#### Required action:
Reproduce exactly the lines of this material that begin at the line with "Golden Point Cottage" and end at the line with "Volkswagen Golf Variant", both included. Omit the pictures and everything else.
** Data listing follows **
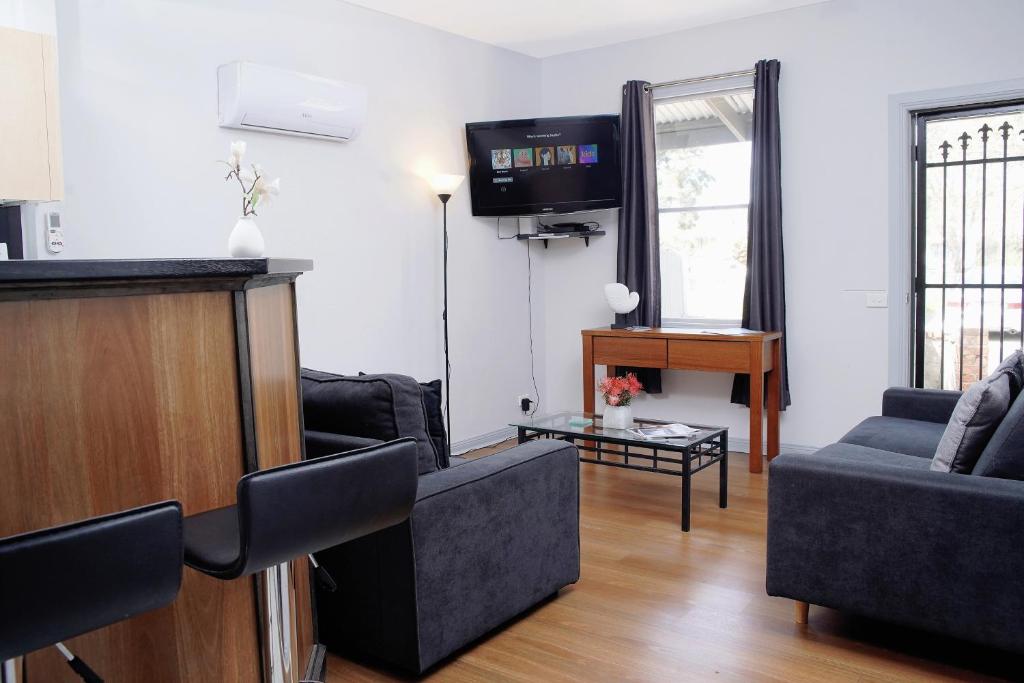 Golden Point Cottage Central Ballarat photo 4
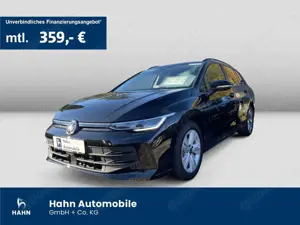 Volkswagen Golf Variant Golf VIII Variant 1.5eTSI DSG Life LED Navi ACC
** End of Data listing **
** Data listing follows **
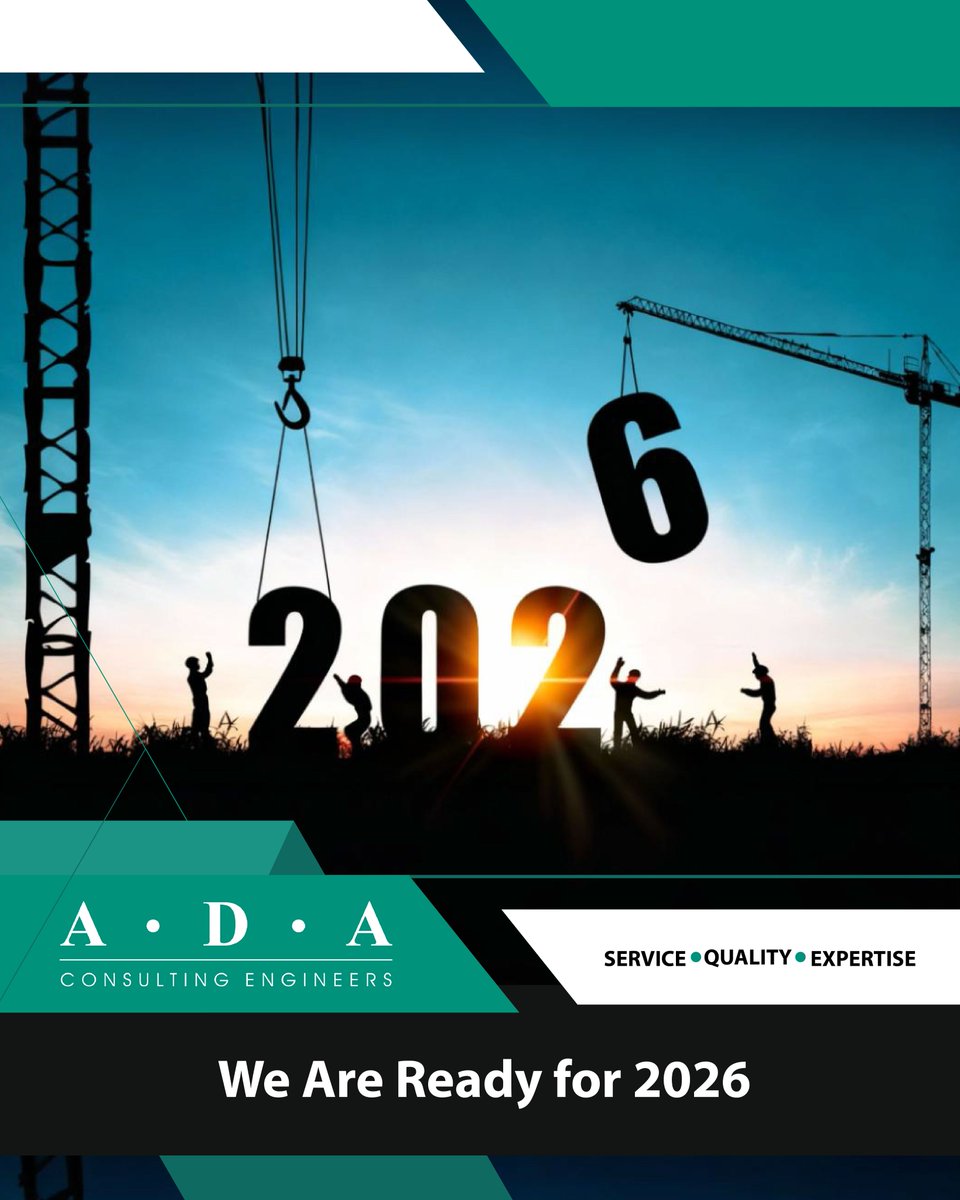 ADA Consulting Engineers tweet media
** End of Data listing **
#### Task answer:
 Golden Point Cottage Central Ballarat photo 4
 Volkswagen Golf Variant Golf VIII Variant 1.5eTSI DSG Life LED Navi ACC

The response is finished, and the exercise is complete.